Problem requirements.
Apart from the images, the records below need to be copied exactly.

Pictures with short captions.
=====
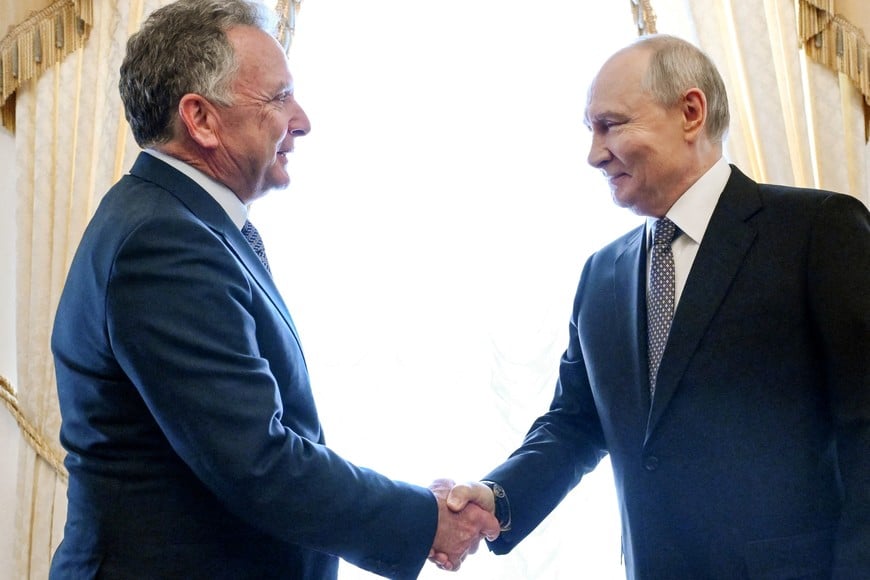 Russian President Vladimir Putin shakes hands with US special envoy Steve Witkoff during a meeting at the Constantine Palace in Saint Petersburg, Russia, October 21, 2026. Sputnik/Kristina Solovyova/Pool via REUTERS ATTENTION EDITORS - THIS IMAGE WAS PROVIDED BY A THIRD PARTY.     TPX IMAGES OF THE DAY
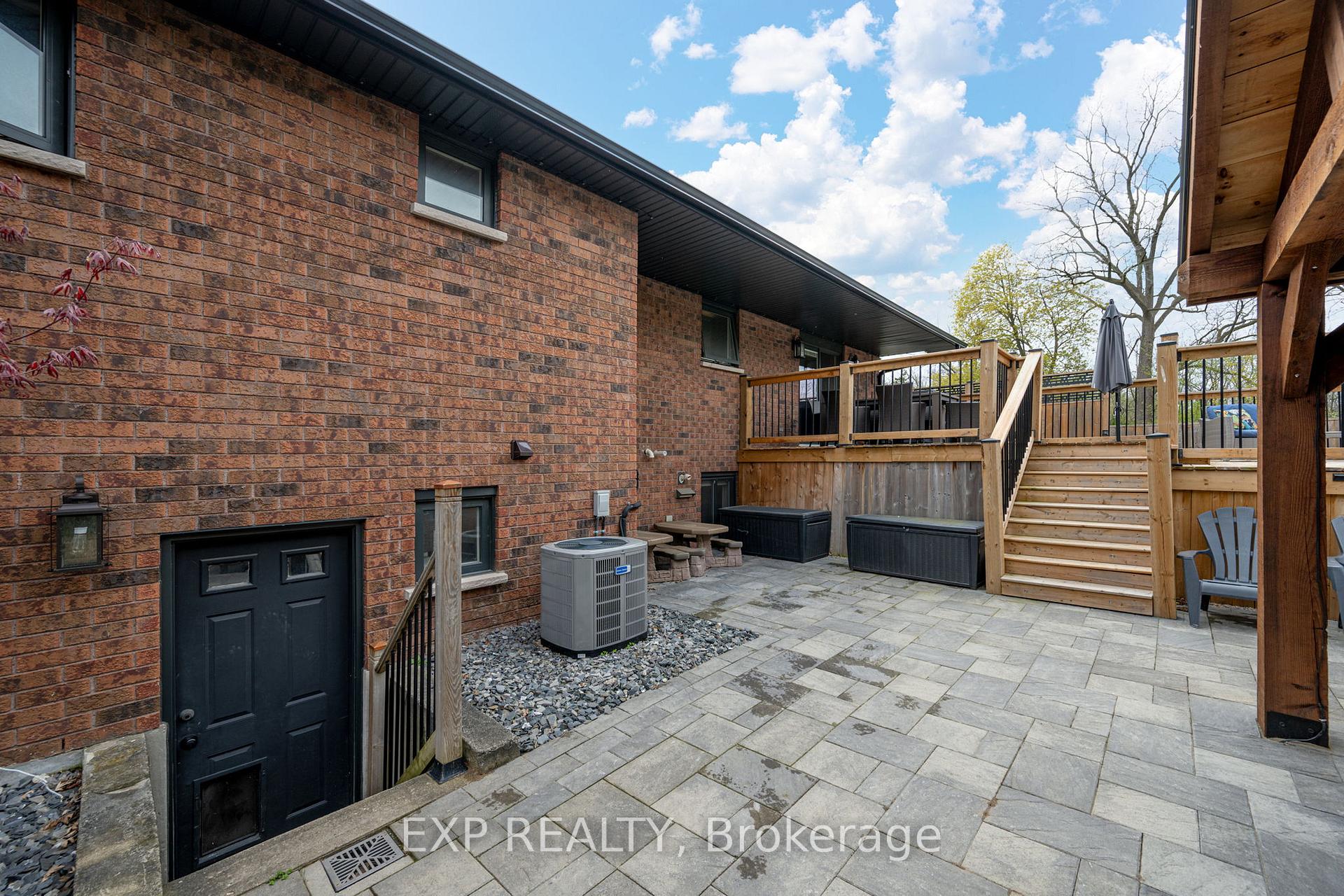 Photo 31 of 97 Kittridge Avenue E, Strathroy-Caradoc, NE — HOMEH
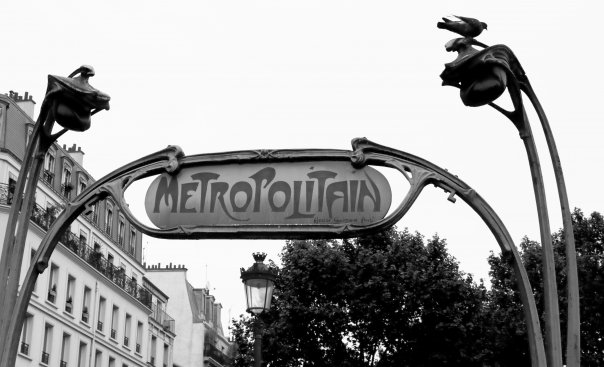 Édicule Guimard de la station Anvers - Paris 18ème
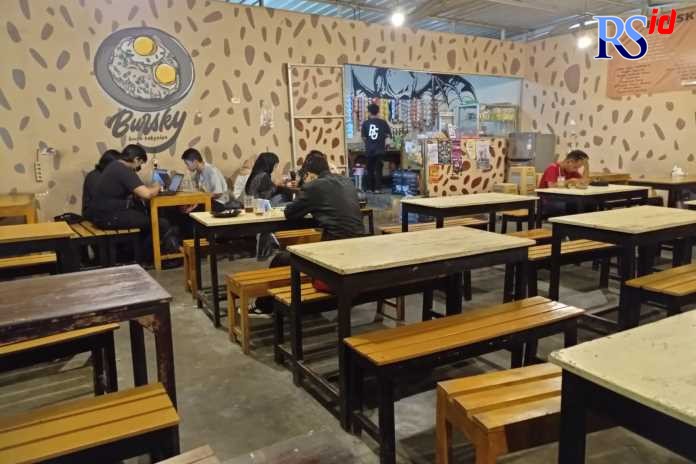 Warung Bursky di Tembalang. (KHAFIFAH ARINI PUTRI/JAWA POS RADAR SEMARANG)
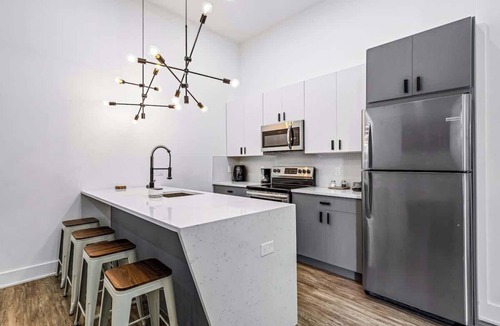 Delair Apartment | 13 Luxury FREE Private Parking - 1st flr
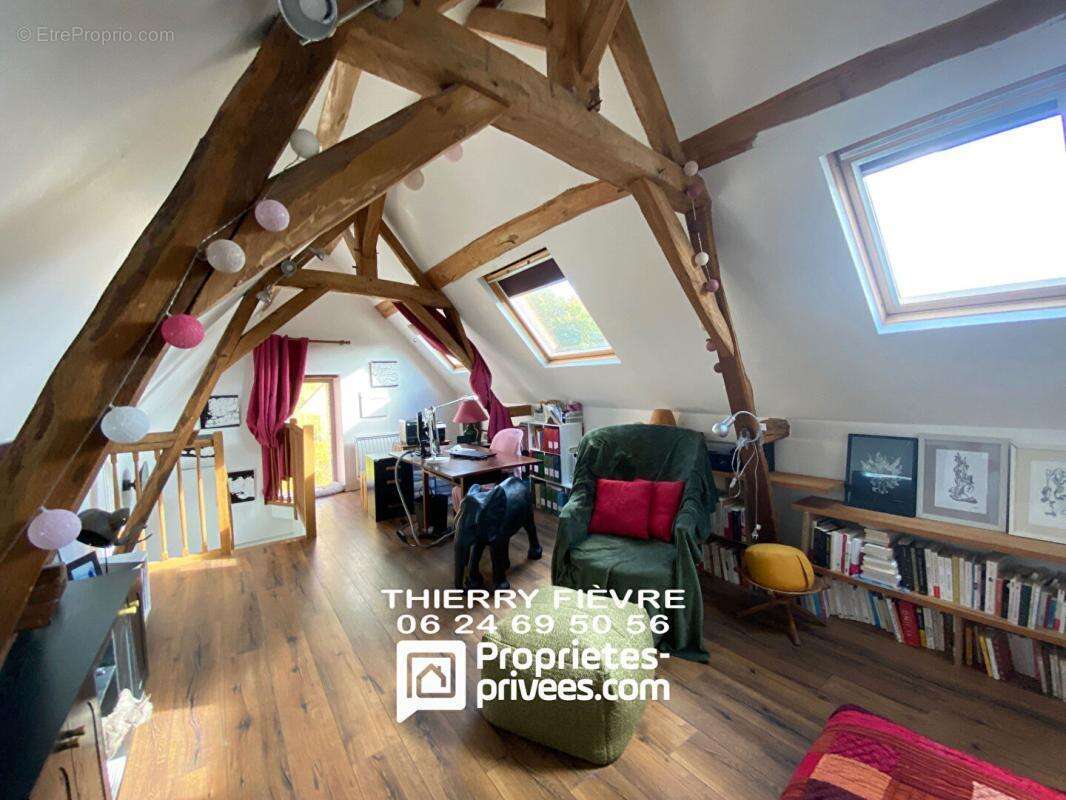 Maison à VILLAINES-LES-ROCHERS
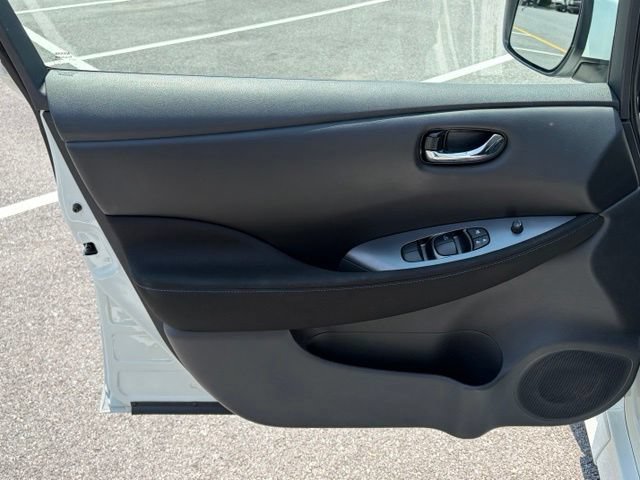 Used 2024 Nissan Leaf S FWD image 12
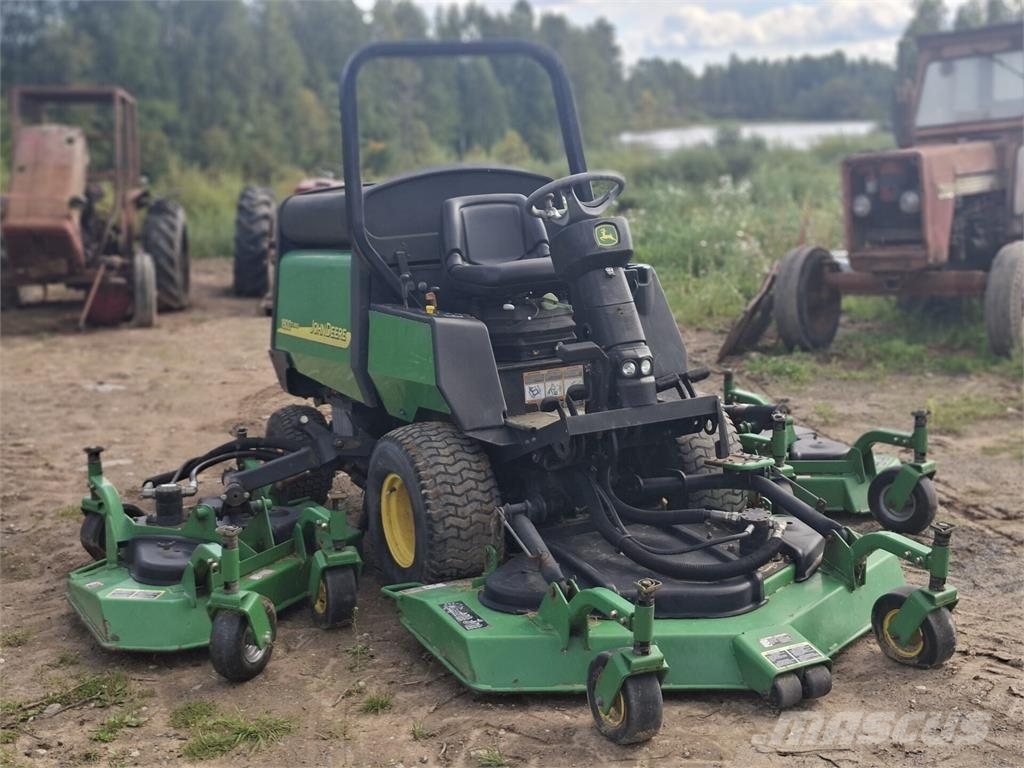 John Deere 1600 WAM Turbo ركوب الحشائش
=====
Result.
 Russian President Vladimir Putin shakes hands with US special envoy Steve Witkoff during a meeting at the Constantine Palace in Saint Petersburg, Russia, October 21, 2026. Sputnik/Kristina Solovyova/Pool via REUTERS ATTENTION EDITORS - THIS IMAGE WAS PROVIDED BY A THIRD PARTY.     TPX IMAGES OF THE DAY
 Photo 31 of 97 Kittridge Avenue E, Strathroy-Caradoc, NE — HOMEH
 Édicule Guimard de la station Anvers - Paris 18ème
 Warung Bursky di Tembalang. (KHAFIFAH ARINI PUTRI/JAWA POS RADAR SEMARANG)
 Delair Apartment | 13 Luxury FREE Private Parking - 1st flr
 Maison à VILLAINES-LES-ROCHERS
 Used 2024 Nissan Leaf S FWD image 12
 John Deere 1600 WAM Turbo ركوب الحشائش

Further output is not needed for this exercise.